Quel est l’avis du Gouvernement ? Il est défavorable, comme en première lecture. Nous avons déjà accéléré à trois reprises l’intégration du bioéthanol, en concertation avec l’ensemble de la filière, notamment les producteurs de levure, qui craignent parfois de ne plus avoir accès à certains résidus sucriers. Pour tenir cet équilibre, nous considérons qu’il faut en rester au statu quo , tel qu’il ressort des textes que vous avez déjà adoptés. Je crois que tout le monde, ou quasiment, vise le même objectif, ce qui est heureux. C’est plutôt pour une question de rythme et en considération des conséquences pour les autres filières industrielles que je suis défavorable à vos amendements. La parole est à M. Raphaël Schellenberger. C’est fou, on dirait vraiment que vous abordez les questions d’ordre technologique, et singulièrement celles relatives aux sources d’énergie, à travers un prisme ! Quand il s’agit d’accélérer la consommation de terres agricoles pour développer l’éolien ou implanter d’énormes fermes solaires sur des terres arables, vous ne mettez pas de frein, vous ne considérez pas qu’il peut y avoir un problème de concertation avec les autres acteurs de la filière.
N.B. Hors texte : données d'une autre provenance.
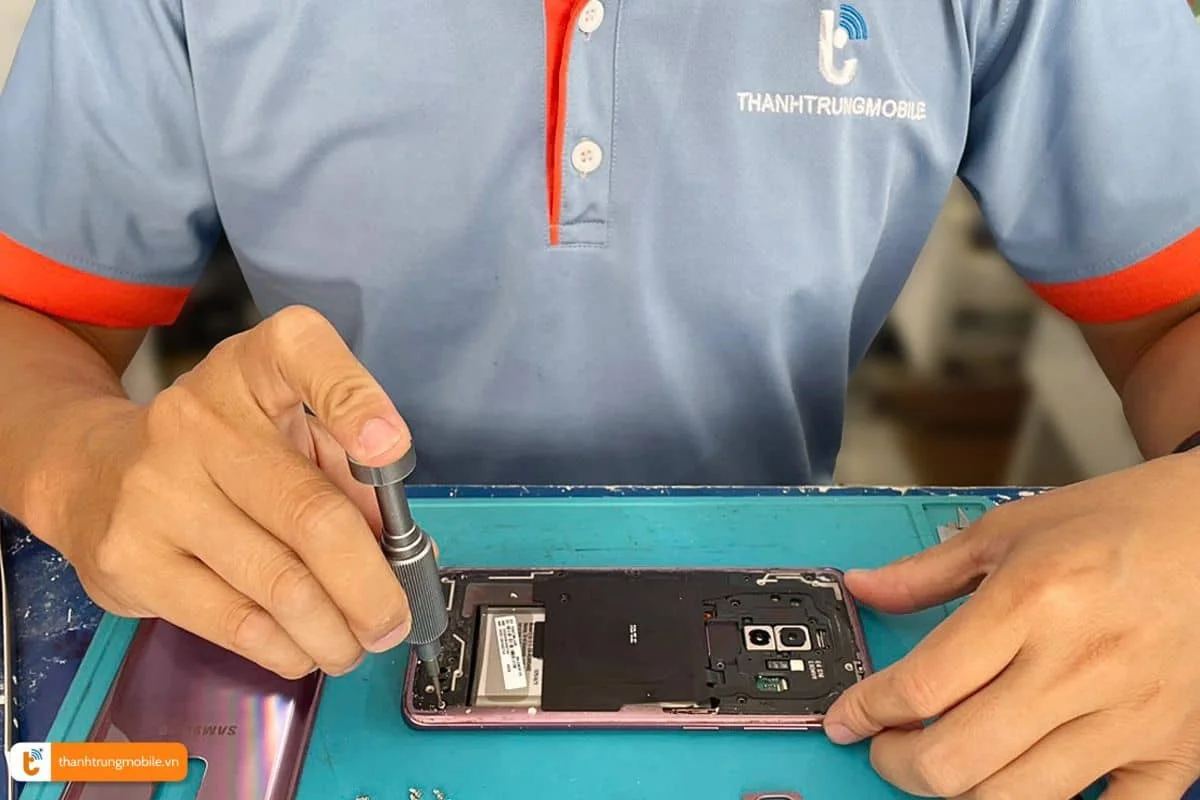 Quy trình sửa chữa điện thoại Samsung chuyên nghiệp tại Thành Trung Mobile
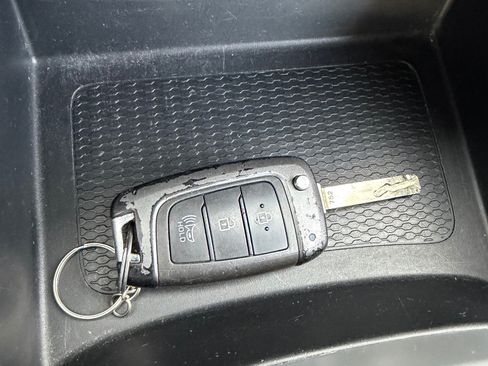 Used 2021 Hyundai Venue SEL FWD image 15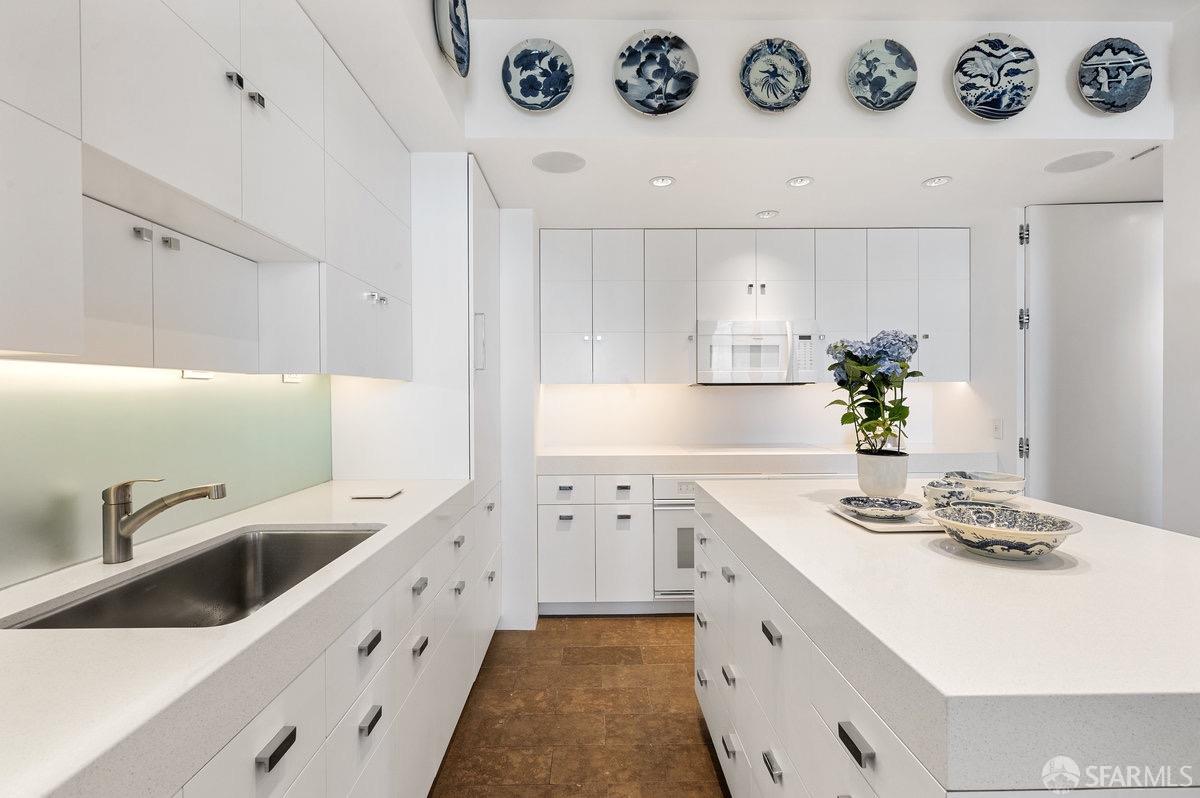 2200 Sacramento Street # 1702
En revanche, quand on vous propose de mobiliser l’excellence de la production agricole française et ainsi de soutenir une filière parfois fragile, vous nous dites qu’il faut faire preuve de prudence.
En l’occurrence, le développement du bioéthanol peut offrir un débouché, au moins pour une période de transition. La filière française du sucre est actuellement en grande difficulté du fait de la mise en œuvre de certaines politiques de santé publique conduisant à une évolution des mentalités et habitudes de consommation. De même, dans ma circonscription, les agriculteurs sont les principaux fournisseurs des grandes amidonneries du nord de l’Europe, une filière aujourd’hui bousculée sous l’effet de différents facteurs. Là encore, le bioéthanol pourrait constituer un débouché de transition pour une agriculture en pleine mutation, tout en favorisant la réduction des émissions de gaz à effet de serre. Je ne comprends vraiment pas pourquoi vous faites deux poids, deux mesures vis-à-vis de l’éolien d’une part, du bioéthanol de l’autre.
(Les amendements identiques nos 69, 162 et 331 ne sont pas adoptés.) L’amendement no 420 de M. le rapporteur général est rédactionnel.
(L’amendement no 420, accepté par le Gouvernement, est adopté.)
(L’article 29, amendé, est adopté.)
L’amendement no 688 de M. le rapporteur général est rédactionnel.
(L’amendement no 688, accepté par le Gouvernement, est adopté.)
(L’article 29 ter , amendé, est adopté.)
(Les articles 30, 31 et 31 bis sont successivement adoptés.)
L’amendement no 725 de Mme Lise Magnier est défendu.
(L’amendement no 725, repoussé par la commission et le Gouvernement, n’est pas adopté.) La parole est à M. le ministre délégué, pour soutenir l’amendement no 866. Il vise à accorder gratuitement des droits d’exploitation de la zone économique exclusive pour les ouvrages de production d’énergie renouvelable en mer et pour le poste électrique en mer du gestionnaire du réseau de transport.
(L’amendement no 866, accepté par la commission, est adopté.)